Personally Identifiable Information (PII)
Any data that either on its own or combined with other data identifies a specific person is called PII. Businesses must follow specific privacy regulations to protect it PII, which includes:
- Social Security numbers
- Tax identification numbers
- Home and business addresses
- Phone numbers
- Credit card numbers
- Dates of birth
- Copies of government-issued IDs
Generally, you shouldn’t send PII over email. If you have to, make sure you use secure file transfer options.
GDPR (General Data Protection Regulation)
The European Union enacted this data protection law in 2018, and any company that does business with a customer located in Europe must follow its strict guidelines, regardless of the business’s location.
A security device that can be comprised of hardware, software, or both, a firewall is the first line of defense for a computer or network to protect its data and applications from attacks and breaches.
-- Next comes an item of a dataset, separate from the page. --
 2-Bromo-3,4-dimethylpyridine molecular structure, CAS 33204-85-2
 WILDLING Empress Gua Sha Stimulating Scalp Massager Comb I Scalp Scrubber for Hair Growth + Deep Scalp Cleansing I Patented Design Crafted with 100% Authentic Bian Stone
Firewalls also track what data goes in and out of the network and block unauthorized connections. Businesses of all sizes should use a firewall as the first line of defense.
This type of software, also called anti-malware software, scans files for known viruses and blocks potential threats to the device it is installed on. You should regularly update the software so it protects against recently created viruses. Periodically, you should also perform a full scan of each device on your network by following instructions for your specific antivirus software.
This refers to proper password practices that keep your devices, applications, and networks safe from cyberattacks and viruses.
Encourage employees to use a password manager, so they can easily use unique and long passwords for each account or system.
PCI (Payment Card Industry) compliance
The PCI Security Standards Council sets requirements that organizations and sellers must follow for safely and securely accepting, storing, processing, and transiting cardholder data while processing credit cards. Not complying with these PCI requirements can result in fines and the risk of losing your merchant account, not to mention the risk of data breaches, loss of revenue, and a damaged reputation.
Cybersecurity strategy plan
Regardless of the size of your business, you need a plan that details how you’re protecting your business’s network and data. The strategy should be regularly updated and include firewalls, anti-virus software, employee training on phishing and passwords, encryption, and authentication.
Incident response plan
When a security issue happens, this strategy details exactly what to do to immediately secure the network and data, who to contact, and how to recover the data. Provide copies to all appropriate employees.